At the risk of spoiling anything for viewers tempted to see the film, that first paragraph sums up the film. That's it. Ashmore is the only cop convinced that a number of suicides are actually homicides. He knows this because his wife would never kill herself, she had everything to live for. While obsessing over the case, he upsets his ex-partner-now-Captain (Daniella Alonso), he upsets his mother (Lin Shaye) and he keeps delaying a planned trip to Disneyland with his son (Judah Mackey).
First of all, if you are director Julien Seri, or if you're a friend of his in any way, then please look away now. Seri was supposed to be presenting this film as the first film on the final day of Glasgow Frightfest 2020, but technical issues meant that it ended up being the last film of the festival. And Seri kindly stuck around for the whole day, introducing his movie in a small Q & A session. He seemed very nice, and earnest in what he seems to view as a decent little thriller with some nice twists and turns. Which is why he, or anyone who knows him, should look away now.
Anderson Falls is absolutely awful, in a way that made many viewers laugh out loud during moments that weren't really designed to be comedic. A lot of the problems lie with the script, by Giles Daoust. I'm not familiar with the filmography of Daoust, and this doesn't make me want to check out anything else he has done. Interestingly, he wrote and directed a movie called The Room back in 2006. Maybe he's always wanted to tap into the same rich vein of comedy gold that Tommy Wiseau lucked into with his movie, and maybe Anderson Falls is his best attempt at that. If so, well done. He almost manages it.

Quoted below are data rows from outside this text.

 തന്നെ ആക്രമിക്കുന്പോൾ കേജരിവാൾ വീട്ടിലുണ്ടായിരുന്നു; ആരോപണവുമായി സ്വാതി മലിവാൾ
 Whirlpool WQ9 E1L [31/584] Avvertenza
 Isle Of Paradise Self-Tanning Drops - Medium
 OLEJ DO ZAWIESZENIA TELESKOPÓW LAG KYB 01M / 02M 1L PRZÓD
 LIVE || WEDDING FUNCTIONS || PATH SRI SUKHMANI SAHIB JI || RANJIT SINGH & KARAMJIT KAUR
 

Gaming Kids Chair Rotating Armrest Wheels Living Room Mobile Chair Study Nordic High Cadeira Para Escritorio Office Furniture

This is a film you must see if you want to watch Shawn Ashmore stringing together various photos and news items a la Charlie Day in that popular conspiracy theory image, or if you want to see him shouting "I hate you, I hate you" at those same photos, or even chuckle at him just moments later telling his captain that he has managed to think like the killers and has a list of women he would kill next. Because the killers kill women. Every time. And make it look like the same kind of suicide. Every time. And there's no actual reason for it. No, nothing. Seriously. Which doesn't stop the killers having their own board of connected items and photos in their house basement, despite none of the victims being connected in any way.

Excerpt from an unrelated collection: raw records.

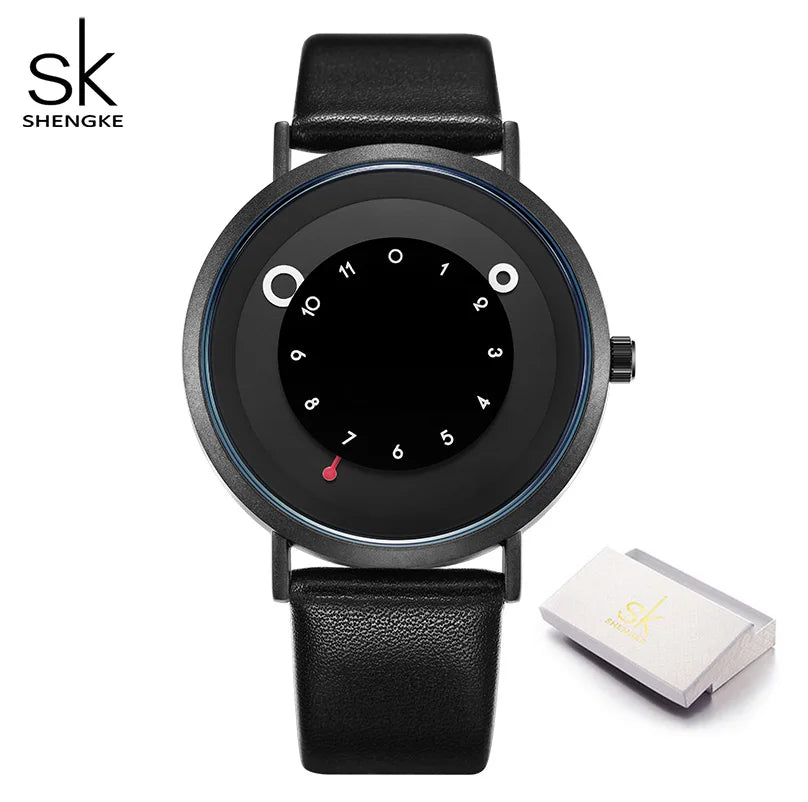 Shengke Creative Design Women's Quartz Watches Top Brand Ladies Wristwatches Fashion Free Styles Female Clock SK Best Gifts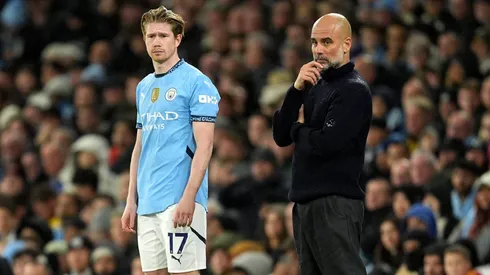 Kevin De Bruyne desmintió los rumores que apuntaban que estaba distanciado de Pep Guardiola.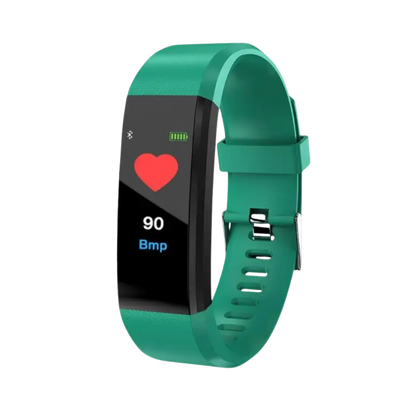 Elegant Senior Fitness Smartwatch with Heart Rate Monitor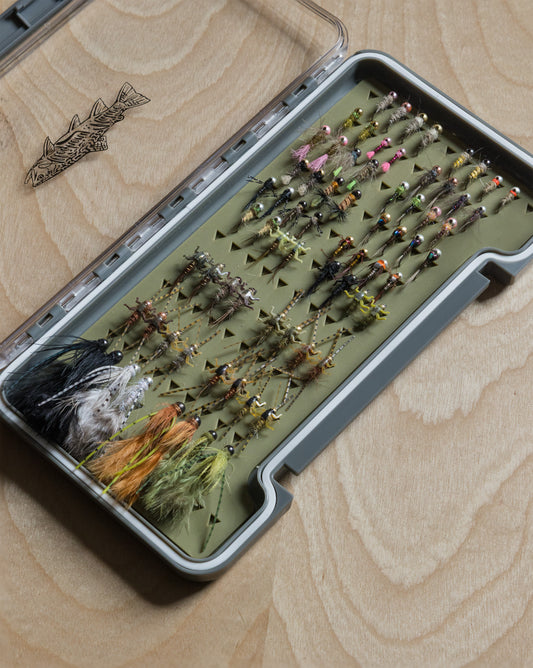 'Confidence Box' Barbless/Tungsten Box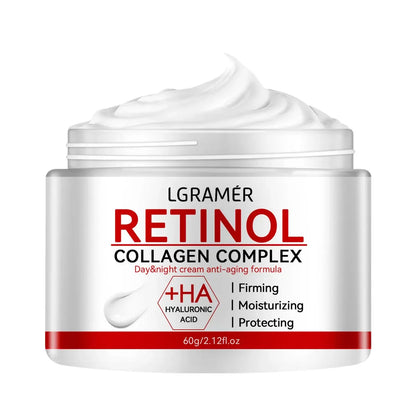 Creme Facial Hidratante Retinol - Hidratante, Clareamento, Suavização, Fiming, Lifting, Nutritivo, Pele Produto Cosmético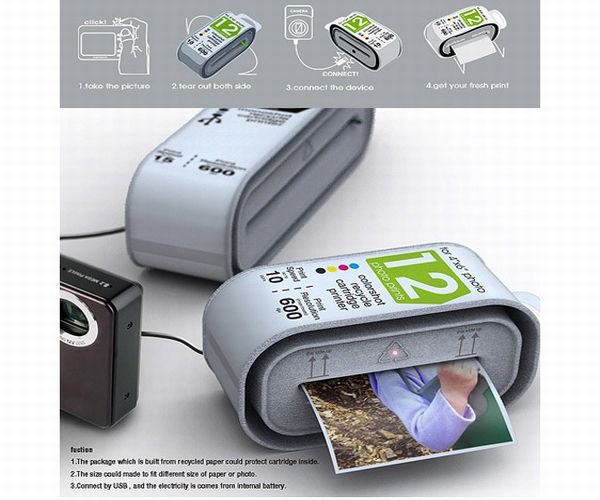 Recyclable Photo Printer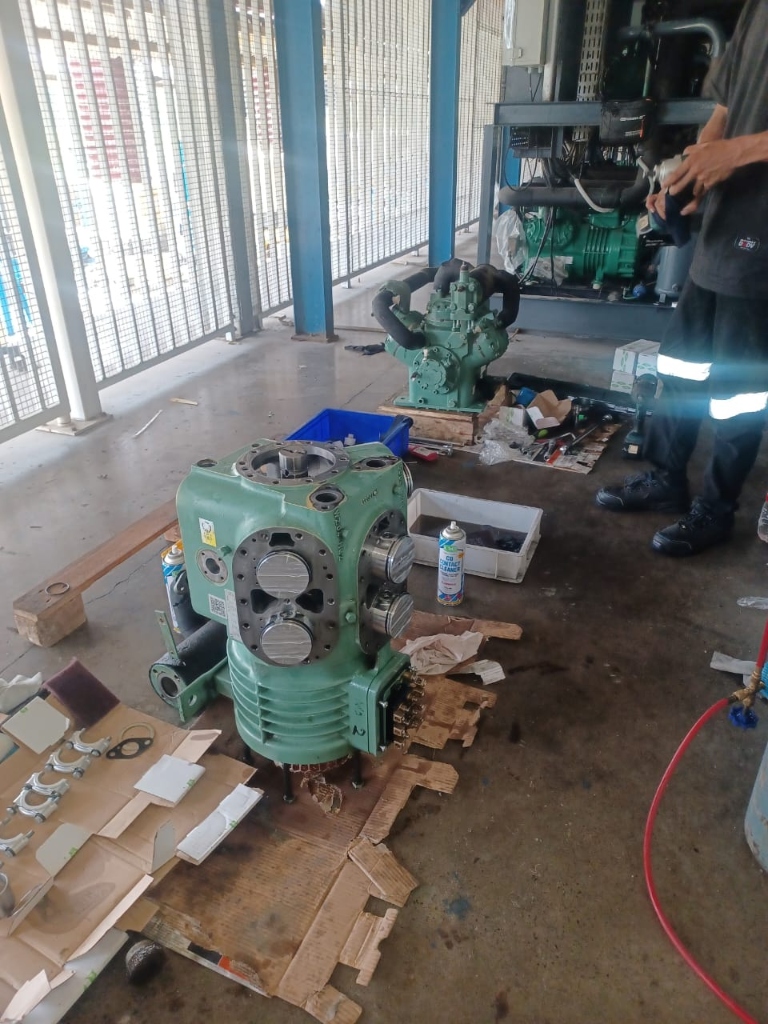 Overhaul & Reconditioning Semi-Hermetic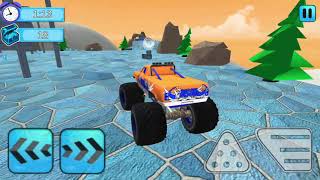 Monster Truck 2019: Mountain Stunt Drive - Impossible Race Gameplay screenshot 5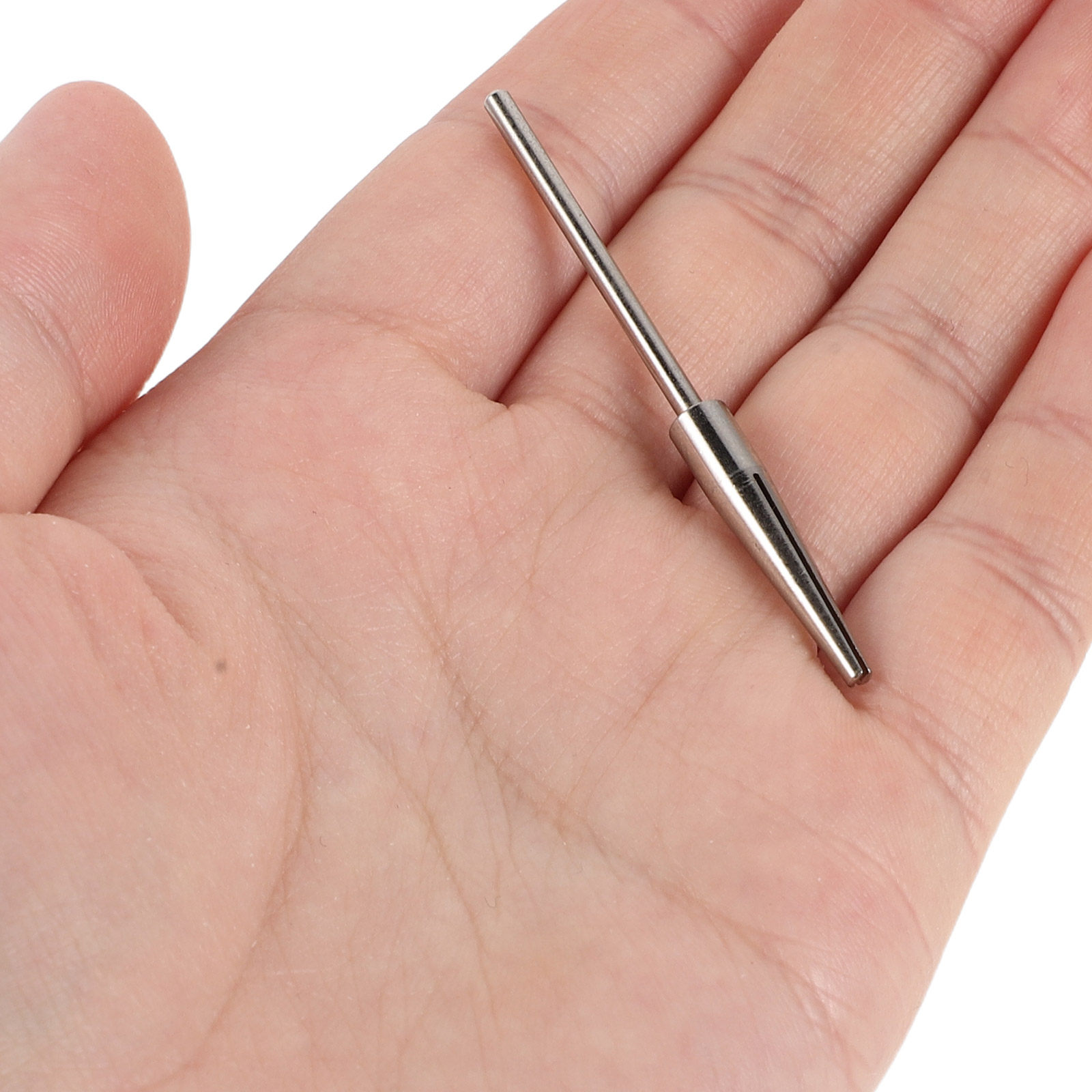 Jewelry Making Metals - 10個入り研磨紙クランプ、ジュエリー製作用研磨ストリップクランプバー、金属加工用サンドペーパーホルダークリップロッド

Perhaps you'd like to watch a black and white image of Shawn Ashmore making faces alongside other black and white images of Shawn Ashmore making faces in a fleeting scene that looks like the rough cut of a 1980s Godley & Creme music video. Well, good times, this is the film for you. Or maybe you like Gary Cole, who is a great actor, but want to see how he deals with some of the worst dialogue that he's ever been given. Again, have your fill.
I doubt that a better cast could have helped this, considering how much both Cole and Shaye even struggle to do their usual good work, but Ashmore is far from a strong lead. I LIKE Ashmore, I really do, but he is not the right fit for this role. At all. Alonso gets to utter every typical Police Captain line to the troubled cop she cares about, of course, and Mackey is a child, so he can either greatly improve in the next few years or eventually quit if he continues to be as bad as he is here. It's Harmon who comes out of this best, and it's no coincidence that he also has the least lines of dialogue.
Julien Seri got himself a fair few fans with his previous movie, Night Fare (which I have yet to see). I can't see this one making him popular with anyone, aside from bad movie connoisseurs. Avoid at all costs.